I remember visiting a farm in the Hakataramea Valley during the crisis of the 1980s, when farming subsidies were dropped. The valley had experienced a drought and a Greenie renegade had sold his sheep after the first year because the land needed a breather. He’d  invested the money in the booming share market, then sold his shares just before the 1987 crash and returned to sheep. Smart cookie. He didn’t bother with weed control. Sheep will eat weeds, he told me. He was of the belief that the average Kiwi farmer had a suburban neat-and-tidy outlook. A lot of farming was about having everything looking under control. It’s a continuation of the need-to-conquer-nature attitude of the colonist.

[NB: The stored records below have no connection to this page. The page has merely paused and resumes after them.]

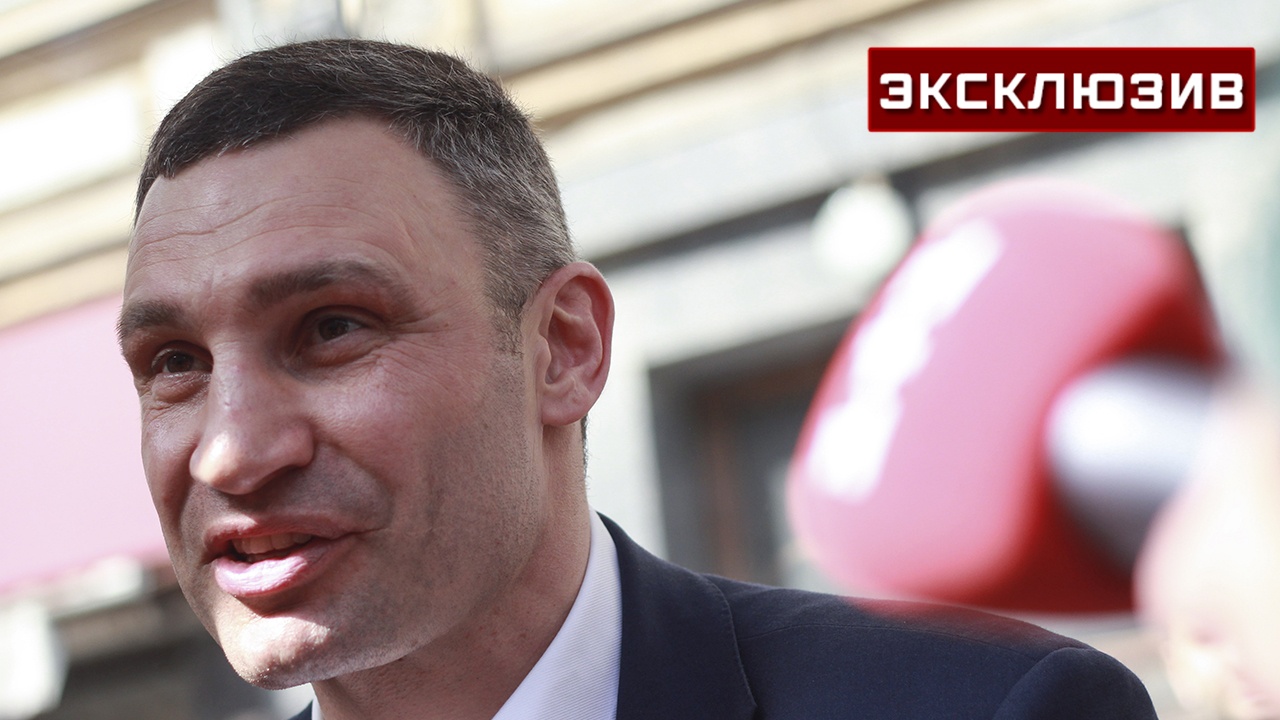 Царев: Кличко вышел на протесты, потому что против него готовят репрессии Царев: Кличко вышел на протесты, потому что против него готовят репрессии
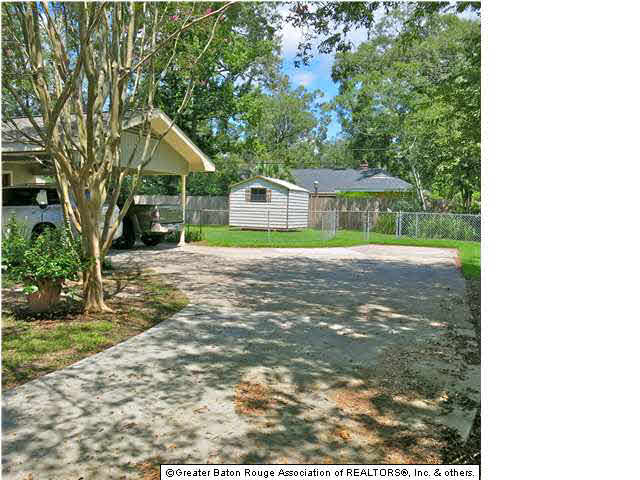 11625 Mollylea Drive Baton Rouge, LA 70815 - Photo 8 of 16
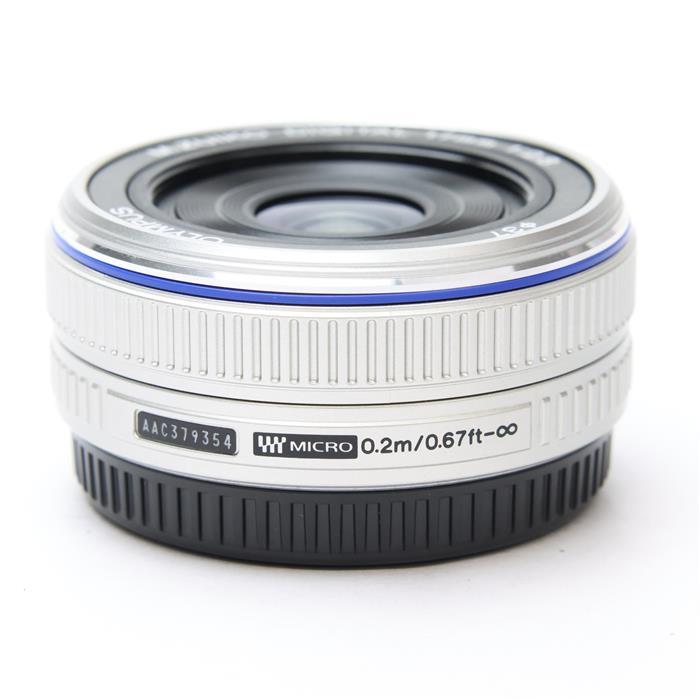 OLYMPUS - ❤️新品未使用❤️オリンパス M.Zuiko 17mm❤️ Amazon.co.jp: OLYMPUS パンケーキレンズ M.ZUIKO DIGITAL 17mm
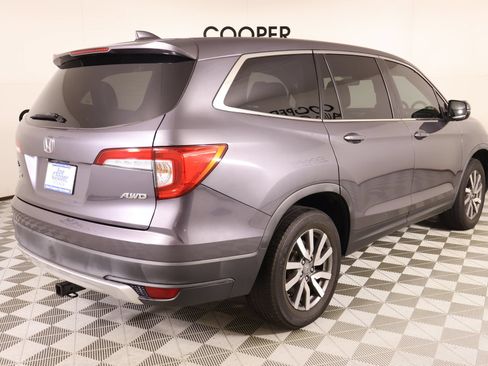 Used 2022 Honda Pilot EX-L image 22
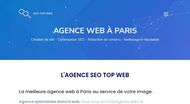 Agence SEO Paris 20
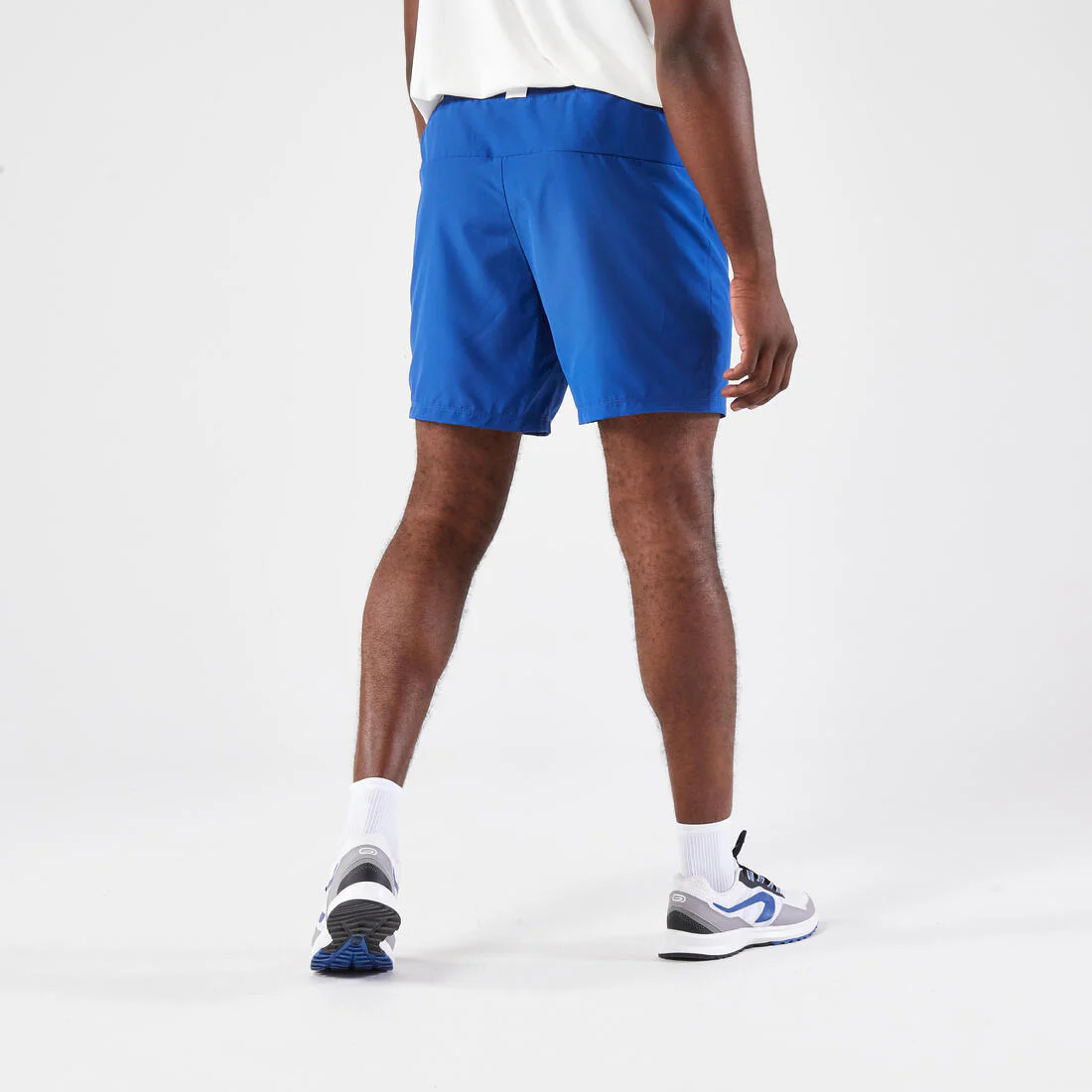 SHORTS RUNNING HOMBRE KIPRUN RUN 100 - Image 14
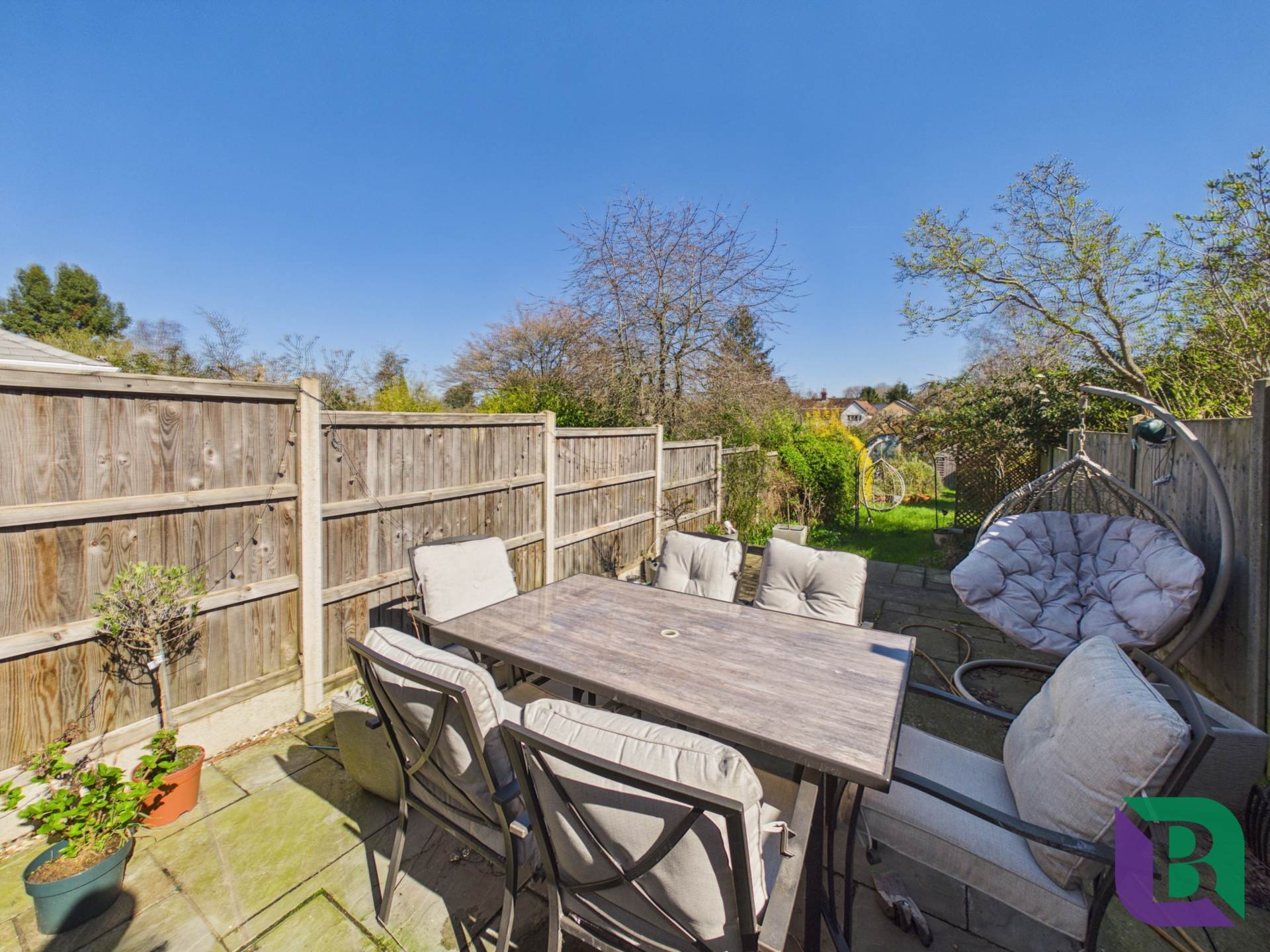 The Leys, Woburn Sands, Image 14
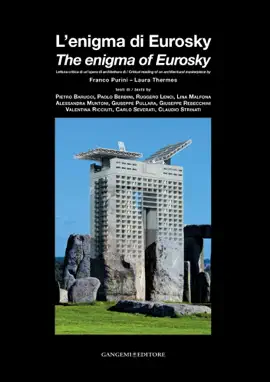 Read: L’enigma di Eurosky / Book The enigma of Eurosky
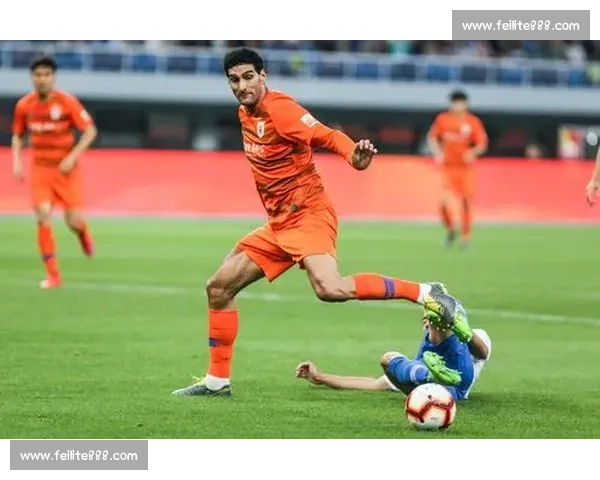 鲁能vs泰达激战泉城联赛焦点对决引爆球迷期待新赛季走势风向标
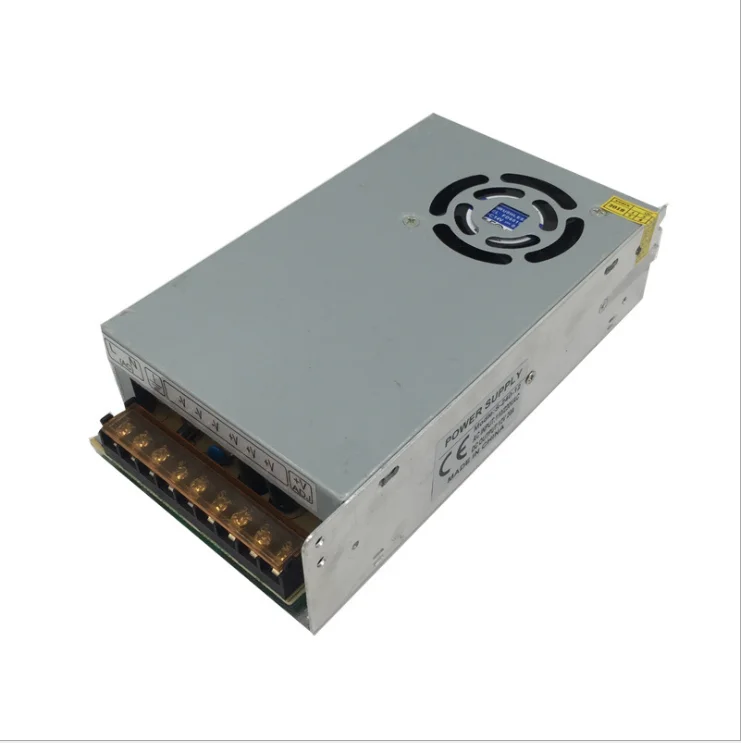 220 В до 12V20a импульсный источник питания монитор СВЕТОДИОДНЫЙ Автомобильный источник питания DC12V Регулируемый постоянного тока блок питания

Blackball has a high rainfall and back in the day, the miners dug drainage ditches along each street in order to get rid of excess water.  The network of ditches flows into the creek systems below the plateau and they work remarkably well. Sometimes they need cleaning of debris. Kids love them, for there’ll be crawlies and there’s mud. Occasionally some watercress grows. Backing out of driveways requires some caution and ‘ditch parking’ as it is colloquially referred to, has been known to occur, especially with visitors. Drunks have also had an intimate relationship with a ditch. So there is history and stories attached.

But now, with the approaching Paparoa Great Walk, the Council has decided the ditches are untidy and archaic. Visitors need to be greeted with something more upbeat as they arrive along the main entrance road, something smooth and tidy. Ranginui’s excessive tears need to be hidden. Accordingly, a team of workers have been digging out the ditches and inserting pipes and manholes. Layers of fill and gravel are compacted by diggers, graders, rollers and trucks working in a sort of frenzy to eradicate detail and story. I’m not criticising the work crew, they’re doing their job efficiently and in good heart – it’s the ethos behind this endeavour: to make it neat and tidy, to put things underground and lay the surface with tarseal and concrete, to conquer the earth so that human beings feel untouched and omnipotent.

Luckily, the exercise is expensive, $100,000 or thereabouts and will be reserved for the main road and the tourists. The rest of us will continue to enjoy our ditches and the stories of a bygone era.